He won't show that he cares.

United States
June 17, 2008 5:30pm CST
I am at the end of my rope, here. I have been dating the same guy for four years and the past year we've been having some problems. He can be a real jerk and he can be mean and then he says he doesn't know he was being a jerk and he's sorry. He doesn't treat me like his girlfriend, he treats me like his buddy. And he won't show me that he cares. I've broken up with him at least six times in the past three weeks because he won't show he cares and he keeps saing he'll try and I give him another chance. The thing is, it's not hard to show you care about someone. At least not to me. And the kicker is, I keep telling him things he could do to show it or I keep giving him opportunities to do it but he just lets them pass right by. I feel like I've done everything I possibly can and I don't know what else to do but break up but I really don't want to. Is there anything else I could do or tell him?

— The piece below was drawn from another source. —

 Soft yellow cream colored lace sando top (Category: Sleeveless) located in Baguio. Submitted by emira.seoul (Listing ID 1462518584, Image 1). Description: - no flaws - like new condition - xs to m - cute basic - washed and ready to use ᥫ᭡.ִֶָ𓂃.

Are there any other things I could do or say something to get his act together? Honestly, I feel like I've been trying my best for the past four years and now it's up to him and it seems like he just doesn't want to try but he doesn't want to break up either. Please, any help is greatly appreciated. Thanks.
3 responses
@baileycows (3665)
• United States
25 Jun 08
I can understand what you mean. But in my opinion unless you stand your ground he is going to keep doing it to you. Why dont you tell him to go figure whatever it is that he needs to figure out and give him space. If he moves on he didn't want you anyway.
@risris24 (712)
• United States
17 Jun 08
Honestly i am going through a similar situation except we have been together fo r6 years and it isnt that he doesnt show he doesnt care if anything it is that he does which is all the more confusingabout our situation. But enough about me, lets handle your situation. I know yo love him and you dont want to break up, believe me I know, but you are right it doesn't take much effort to show you care, and if it was a new topic that you only discussed with him for the 1st time, I woul dtell you to give him the benefit of the doubt an dstay with him, but since you broke up with him so many times after speaking to him several times about it then I think you should leave him for good, show him that you dont care and let him see how it feels. Give him a taste of his own medicine. If it is meant to be then he will come back to you and if not then move and and learn a lesson from it. I know it is easier said than done believe me i do but like I said I am going through it right now and it isnt worth it. Be strong, you will be fine, I promise!
@spalladino (17891)
• United States
17 Jun 08
You can't turn a mule into a stallion and you can't change any person. Your boyfriend knows what you want, it's not that he doesn't understand what you've been saying to him. He's either not comfortable showing that he cares or he's not willing to put forth the effort. So, you really have only two choices; either accept him as he is or break up with him because there are no magic words that will make him change.